Yesterday I reported that Cobb County had a spike in COVID-19 cases among 0-4-year-olds and 5-17-year-olds and a consequent rise in the COVID-19 case rate per 100,000 of population. The numbers were reported in the School Aged COVID-19 Surveillance Data reported every Friday by the Georgia Department of Public Health.

The trend in the preceding several weeks had been downward since the dramatic Delta variant surge ended, although, for the 5-17 age group of kindergarten, elementary school, middle school, and high school ages, we’ve remained in the high transmission territory.

In fact, that was a state-wide trend. Of the four age categories this particular report tracks, three were increasing, and the fourth (18-22 years old) was nearly unchanged for both the county and the statewide numbers in yesterday’s report.

I’ve noticed a tendency since the Delta variant surge ended for the public to consider the pandemic over. Going from ICUs near capacity to numbers on the low end of high was a big relief for everyone.

My opinion is that this is due to disaster fatigue. Our brains aren’t equipped to handle large numbers when it comes to epidemics and pandemics, or really, disasters of any sort.

To give an example, in November of 2019 there was a measles outbreak in Cobb County. When the initial case was reported, there was near panic, and our first report on it at the Courier got 18,862 pageviews.

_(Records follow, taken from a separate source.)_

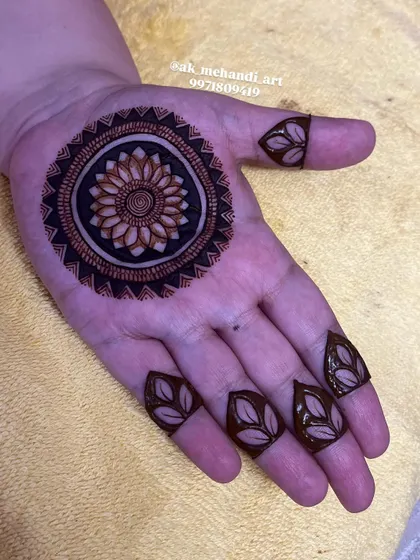 A bold mandala design for Karwachauth. The dark filling around the central flower makes the pattern stand out beautifully.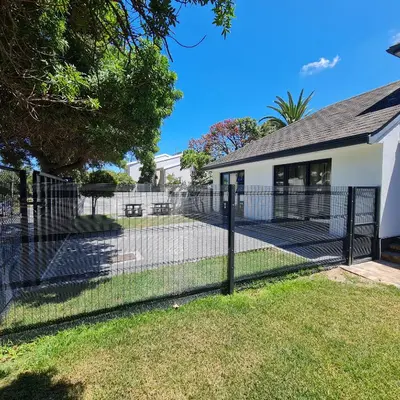 a fence in front of a house at Zonnekus Guesthouse in Cape Town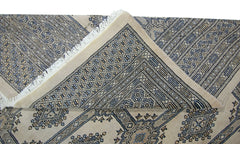 A vintage Pakistani Princess Bokhara rug with a geometric pattern in blue and beige tones.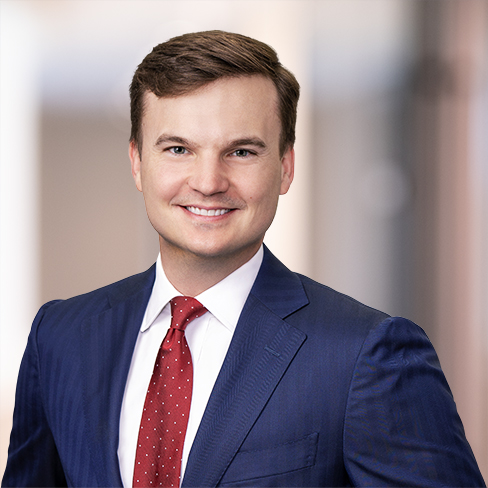 Man in a blue suit and red tie smiling, standing in front of a blurred indoor background at a corporate law office, ready to provide litigation support.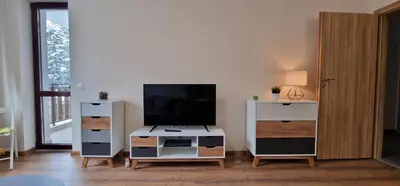 a living room with a tv and a white dresser at Pine Tree Apartment / Borovets Gardens in Borovets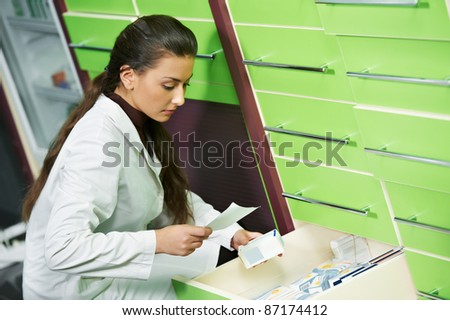 pharmacist chemist woman looking for medicine in pharmacy drugstore with recipe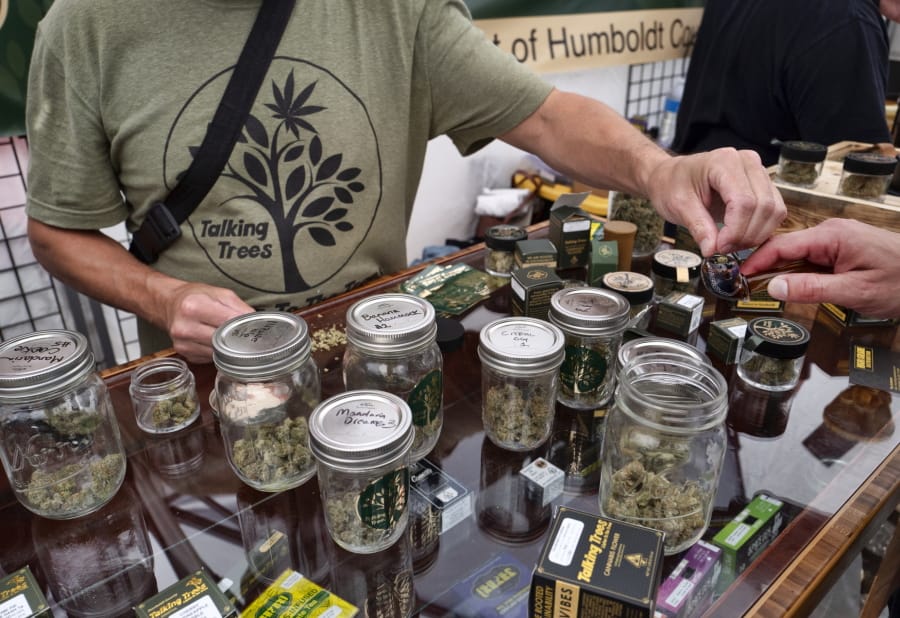 In this Thursday, June 20, 2019 photo a vendor with Talking Trees Farms a Northern Humboldt County sustainable cannabis farm, offers a taste of their latest crop of crafted marijuana flower to an attendee in the farmers market during a business to business networking event, WeedCon West 2019 in Los Angeles. Marijuana shoppers are going to be getting a message from California regulators: Go legal.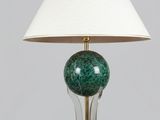 une lampe verte avec un abat-jour blanc posée sur une table en bois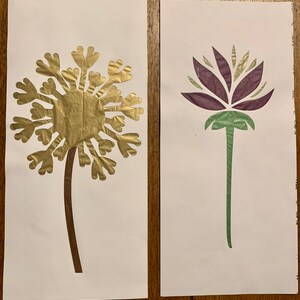 May include: Two paper cutouts of flowers on white paper. The first is a gold dandelion with a brown stem. The second is a purple flower with a green stem.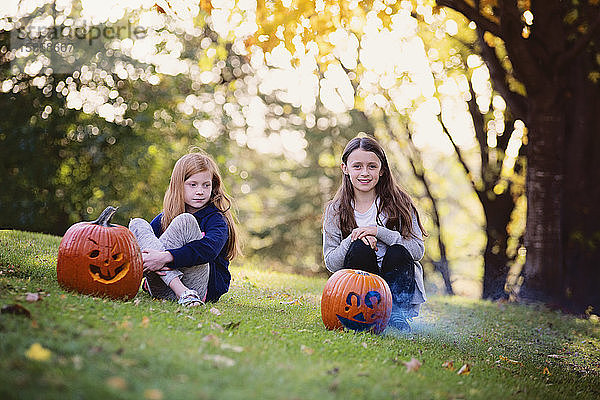 Zwei junge Mädchen sitzen im Herbst draußen und rauchen Kürbisse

18,862 pageviews for an article in the Courier in 2019 was enormous traffic. Our readership has increased substantially since then, but it would still be considered a top-performing article.

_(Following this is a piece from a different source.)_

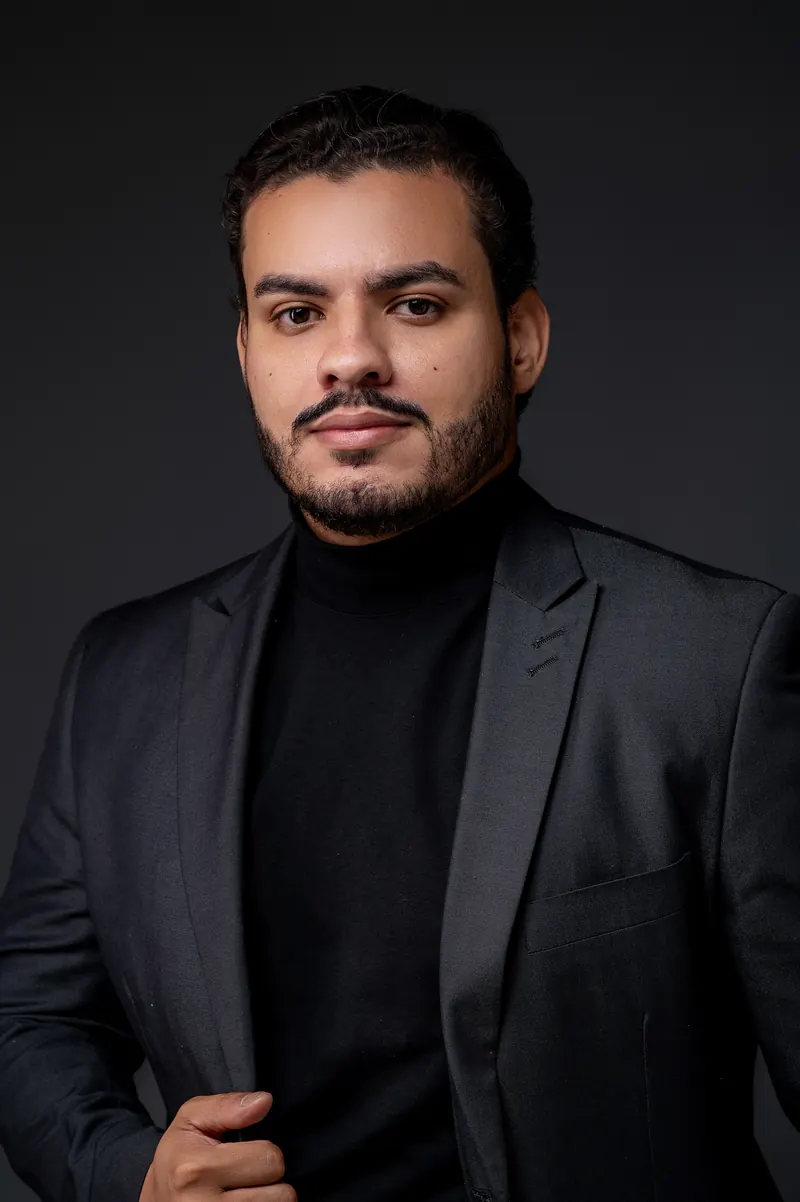 Angelo Gramlich, de gola alta preta e blazer escuro, olhando para a câmera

And the number of measles cases ultimately never reached 10 in Cobb County.

So we panicked over a disease for which the public is largely vaccinated, and which didn’t reach 10 cases countywide, yet are willing to accept 1159 cases over the past two weeks of a deadly disease with a 48 percent rate of fully vaccinated people in the county.

COVID has so far resulted in 1,303 deaths in Cobb County (and 25,546 confirmed deaths statewide).

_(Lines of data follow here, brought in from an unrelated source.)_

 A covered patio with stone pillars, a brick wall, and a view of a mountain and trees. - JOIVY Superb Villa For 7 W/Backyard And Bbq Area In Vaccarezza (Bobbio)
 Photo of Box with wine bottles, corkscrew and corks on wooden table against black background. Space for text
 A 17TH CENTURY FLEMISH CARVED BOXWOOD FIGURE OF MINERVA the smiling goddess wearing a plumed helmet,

So, Larry, do you want us to panic?

So how do I want people to respond to this uptick in cases?

I was very happy when the COVID numbers in Cobb County began dropping after the Delta surge played out. I do not enjoy living like a hermit.

I’m 70 years old (a high risk age group), am an extrovert who prefers doing my work outside the house, and I’ve had two cousins die of COVID-19 (one of them was 73 years old and one of the first deaths in Cobb County from the pandemic).

So no, I’m not suggesting that Cobb County residents panic and retreat into their shells.

But I do want the anti-vaxxers to shut up and move along to some harmless pseudoscience (maybe cryptozoology), I want vaccine mandates for any job that requires frequent contact with the public (particularly health care workers) …

And I absolutely support mask mandates in the schools. Until this pandemic is over, the school systems are the most consistent place common to nearly all families in the county, where families interact with each other, and potentially spread any virus between students and then back to their families.

Finally, I want the public to start paying attention to these numbers again. It would be really easy for us to wake up one morning with headlines announcing a new COVID surge like the one Europe is already experiencing.

So the pandemic isn’t over, Cobb County is still a high transmission county, and we need to take our heads out of the sand.

5 Comments on "We are not out of the woods on COVID-19 in Cobb County"

  1. You have no dominion over anyone else’s body. It’s not anti-vax. It’s called individual liberty. Thankfully, we do not live under a dictatorship, no matter how much you may want one. There are many other countries where you can be forced to do things based on government mandate. Why don’t you check those out?

    • One of the earliest vaccine mandates in the U.S. was put in place by George Washington (smallpox vaccination mandated to all troops passing through the Philadelphia recruiting station). Washington wrote about the compulsory vaccine, “Necessity not only authorizes but seems to require the measure, for should the disorder infect the Army . . . we should have more to dread from it, than from the Sword of the Enemy.”

      Since then there have been dozens of requirements for military, health care workers, and sometimes even whole states (Mass was the first).

      In 1905 the U.S. Supreme Court upheld mandatory vaccination. I’m of the first generation where the polio vaccine was mandated to enter elementary school. A number of my older friends were disabled from polio. None of my younger friends were. In addition to polio vaccination I had a whole battery of other required vaccinations.